__HOW TO COMPLETE THIS TASK__: With the pictures removed, the data below must be transcribed in full and exactly.

__DATA PROVIDED__:

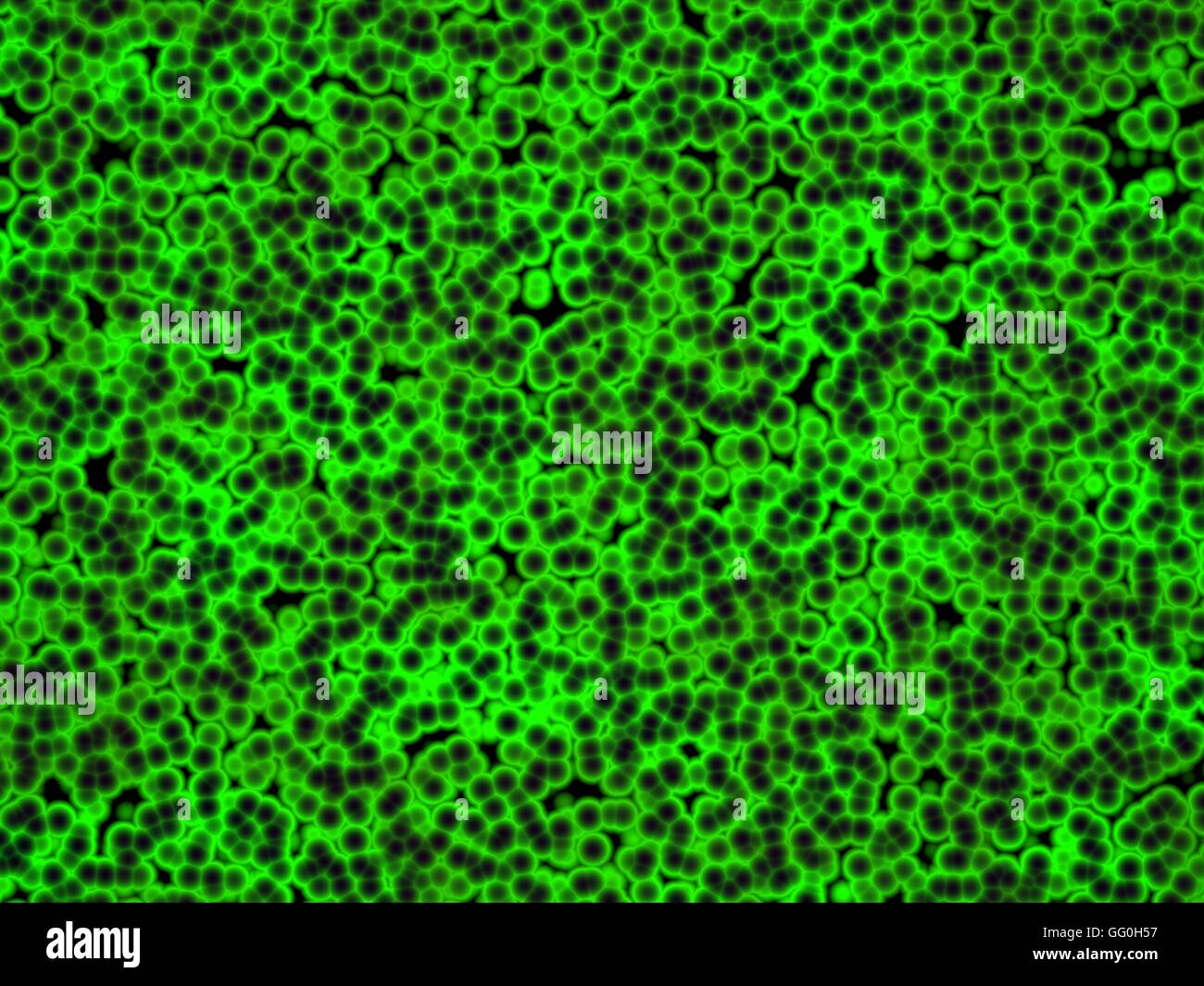 Colony cianobatteri, noto anche come alghe blu-verdi, è un batterio che  ottenere la loro energia attraverso la fotosintesi, sotto microscopio Foto  stock - Alamy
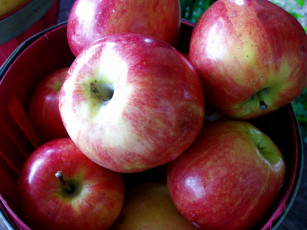 Картинка еда Яблоки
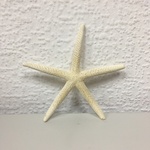 +Морская звезда №2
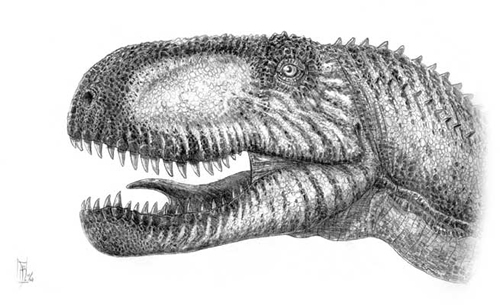 Abelisaurus comahuensis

__WRITTEN REPLY__:
 Colony cianobatteri, noto anche come alghe blu-verdi, è un batterio che  ottenere la loro energia attraverso la fotosintesi, sotto microscopio Foto  stock - Alamy
 Картинка еда Яблоки
 +Морская звезда №2
 Abelisaurus comahuensis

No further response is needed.